* **Your instructions**
Write each entry out again exactly, with nothing omitted.

* **Short web captions**
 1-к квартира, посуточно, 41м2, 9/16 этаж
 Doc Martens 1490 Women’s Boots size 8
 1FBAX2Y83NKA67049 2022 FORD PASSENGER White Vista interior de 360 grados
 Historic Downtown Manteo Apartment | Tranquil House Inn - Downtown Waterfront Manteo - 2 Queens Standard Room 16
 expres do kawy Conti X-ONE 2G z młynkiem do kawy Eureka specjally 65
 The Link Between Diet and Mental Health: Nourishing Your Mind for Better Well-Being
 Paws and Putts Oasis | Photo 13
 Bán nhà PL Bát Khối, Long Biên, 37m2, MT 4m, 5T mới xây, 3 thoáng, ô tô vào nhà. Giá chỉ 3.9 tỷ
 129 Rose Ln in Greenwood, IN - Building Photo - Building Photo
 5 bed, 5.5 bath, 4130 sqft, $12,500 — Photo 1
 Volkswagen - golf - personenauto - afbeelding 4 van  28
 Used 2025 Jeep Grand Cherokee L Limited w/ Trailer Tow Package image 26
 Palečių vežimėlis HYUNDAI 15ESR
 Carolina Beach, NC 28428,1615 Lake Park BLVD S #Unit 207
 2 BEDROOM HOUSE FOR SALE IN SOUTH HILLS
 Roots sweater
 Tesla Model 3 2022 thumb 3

* **Written solution**
 1-к квартира, посуточно, 41м2, 9/16 этаж
 Doc Martens 1490 Women’s Boots size 8
 1FBAX2Y83NKA67049 2022 FORD PASSENGER White Vista interior de 360 grados
 Historic Downtown Manteo Apartment | Tranquil House Inn - Downtown Waterfront Manteo - 2 Queens Standard Room 16
 expres do kawy Conti X-ONE 2G z młynkiem do kawy Eureka specjally 65
 The Link Between Diet and Mental Health: Nourishing Your Mind for Better Well-Being
 Paws and Putts Oasis | Photo 13
 Bán nhà PL Bát Khối, Long Biên, 37m2, MT 4m, 5T mới xây, 3 thoáng, ô tô vào nhà. Giá chỉ 3.9 tỷ
 129 Rose Ln in Greenwood, IN - Building Photo - Building Photo
 5 bed, 5.5 bath, 4130 sqft, $12,500 — Photo 1
 Volkswagen - golf - personenauto - afbeelding 4 van  28
 Used 2025 Jeep Grand Cherokee L Limited w/ Trailer Tow Package image 26
 Palečių vežimėlis HYUNDAI 15ESR
 Carolina Beach, NC 28428,1615 Lake Park BLVD S #Unit 207
 2 BEDROOM HOUSE FOR SALE IN SOUTH HILLS
 Roots sweater
 Tesla Model 3 2022 thumb 3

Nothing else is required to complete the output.